Segment Start: Data records

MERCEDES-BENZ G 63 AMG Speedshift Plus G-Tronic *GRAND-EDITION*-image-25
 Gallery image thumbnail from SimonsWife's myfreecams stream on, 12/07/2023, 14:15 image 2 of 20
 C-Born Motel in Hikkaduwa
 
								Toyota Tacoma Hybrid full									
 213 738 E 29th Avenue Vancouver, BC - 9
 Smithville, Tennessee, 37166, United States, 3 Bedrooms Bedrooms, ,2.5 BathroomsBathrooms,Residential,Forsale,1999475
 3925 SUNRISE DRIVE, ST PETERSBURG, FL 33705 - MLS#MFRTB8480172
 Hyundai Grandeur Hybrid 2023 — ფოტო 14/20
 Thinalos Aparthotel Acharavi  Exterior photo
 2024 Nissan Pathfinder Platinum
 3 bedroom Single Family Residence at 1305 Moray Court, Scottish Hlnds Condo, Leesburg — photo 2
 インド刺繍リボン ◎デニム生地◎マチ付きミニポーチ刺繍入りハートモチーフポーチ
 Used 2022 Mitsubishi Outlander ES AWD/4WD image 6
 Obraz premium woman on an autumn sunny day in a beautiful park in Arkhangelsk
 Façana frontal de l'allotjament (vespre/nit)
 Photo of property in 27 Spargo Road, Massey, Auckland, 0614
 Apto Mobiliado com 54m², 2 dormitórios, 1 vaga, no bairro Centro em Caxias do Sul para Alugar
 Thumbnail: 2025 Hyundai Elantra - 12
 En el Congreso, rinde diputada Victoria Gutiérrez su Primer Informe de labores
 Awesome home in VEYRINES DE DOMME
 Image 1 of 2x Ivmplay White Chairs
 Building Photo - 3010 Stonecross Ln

Segment End: Data records

Nothing but the lines from the one with "3925 SUNRISE DRIVE, ST" through the final line of the records above should appear, each copied exactly.

◆ Answer space:
 3925 SUNRISE DRIVE, ST PETERSBURG, FL 33705 - MLS#MFRTB8480172
 Hyundai Grandeur Hybrid 2023 — ფოტო 14/20
 Thinalos Aparthotel Acharavi  Exterior photo
 2024 Nissan Pathfinder Platinum
 3 bedroom Single Family Residence at 1305 Moray Court, Scottish Hlnds Condo, Leesburg — photo 2
 インド刺繍リボン ◎デニム生地◎マチ付きミニポーチ刺繍入りハートモチーフポーチ
 Used 2022 Mitsubishi Outlander ES AWD/4WD image 6
 Obraz premium woman on an autumn sunny day in a beautiful park in Arkhangelsk
 Façana frontal de l'allotjament (vespre/nit)
 Photo of property in 27 Spargo Road, Massey, Auckland, 0614
 Apto Mobiliado com 54m², 2 dormitórios, 1 vaga, no bairro Centro em Caxias do Sul para Alugar
 Thumbnail: 2025 Hyundai Elantra - 12
 En el Congreso, rinde diputada Victoria Gutiérrez su Primer Informe de labores
 Awesome home in VEYRINES DE DOMME
 Image 1 of 2x Ivmplay White Chairs
 Building Photo - 3010 Stonecross Ln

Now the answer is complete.